There are a number of ways to secure your shareholder’s loan. The most common is to obtain a General Security Agreement. This is a document given by the company, pledging all assets of the company as security for repayment of your loan. This Agreement must be properly registered. In Ontario, for example, it would be registered under the Personal Property Securities Act. You should have it completed by your lawyer at the time of advancing funds, because even the slightest error could negate the registration.
This type of security is usually provided to support a documented loan agreement which would reflect the conditions under which the loan is being advanced, the rate of interest being charged, the terms of repayment, and the conditions under which you, as the secured lender, have the right to seize and dispose of the collateral to repay the loan. In the normal course of business, this documentation will have no immediate bearing on the company’s operations.
However, circumstances change. An unanticipated lawsuit could render the company insolvent. A dramatic reversal in the marketplace, or some other catastrophe, could suddenly change your focus to one of preserving your own personal position ahead of the company and its unsecured creditors.
Your company’s obligations to its unsecured creditors are as real as its obligations to its bank and yourself. There is nothing improper or immoral in establishing your priority position in this manner. The very fact that you are operating a “limited liability corporation” serves notice to your creditors that they are unsecured if the business fails. They always have the right to search under the Personal Property Securities Act and determine who is registered ahead of them.
They also have the right to demand security from the company before they sell to it on an unsecured basis.

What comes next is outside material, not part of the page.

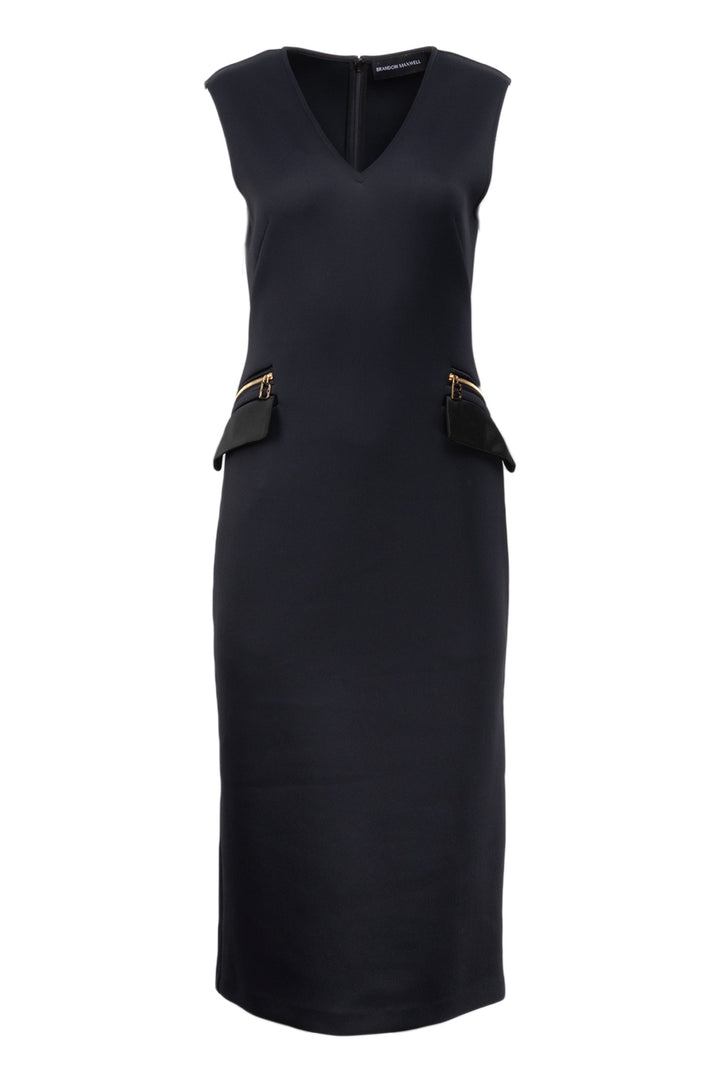 Brandon Maxwell Size 8 V-neck Zip Pocket Knee Length Sheath Dress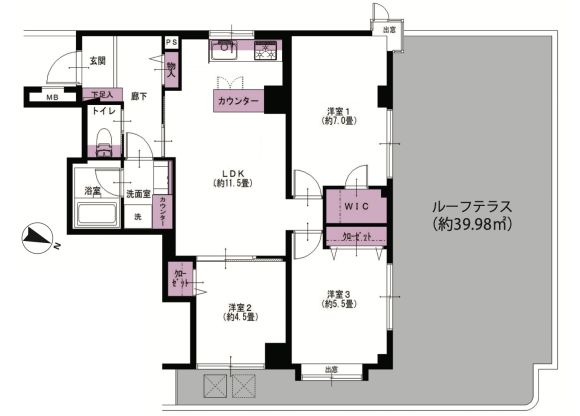 3LDK Apartment to Buy in Yokohama-shi Minami-ku Floorplan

That is always a matter of negotiation. Creditors can obtain, for example, either a Purchase Money Security Interest in the specific goods being sold to you, or a General Security Agreement over all company assets.
When Trustees in Bankruptcy distribute liquidation proceeds to unsecured creditors, loans from shareholders are often included in the category of unsecured debts. As a result, it is common for shareholders to realize only a small pro-rata portion, if anything at all, out of the available funds.
In situations where the loans have been properly advanced and appropriate security has been pledged and registered, shareholders receive their money ahead of the unsecured creditors. And, in these instances, a shareholder loan is often fully repaid.
An additional benefit of properly securing shareholder loans arises when the company is facing financial pressures. Having a shareholder’s secured loan in place will sometimes allow certain reorganization options to be implemented, which would not be possible without the secured loan being there.
The point is that, for minimal cost, no matter how healthy the business is at the time of the loan, shareholders should always secure their loans to their corporations. Shareholders never invest money in their businesses with the expectation that the businesses will fail. Yet things change and some do not survive.
An investment in your business deserves the same care that you would apply to any other investment, and at least the same protection that a bank would require when lending to your business.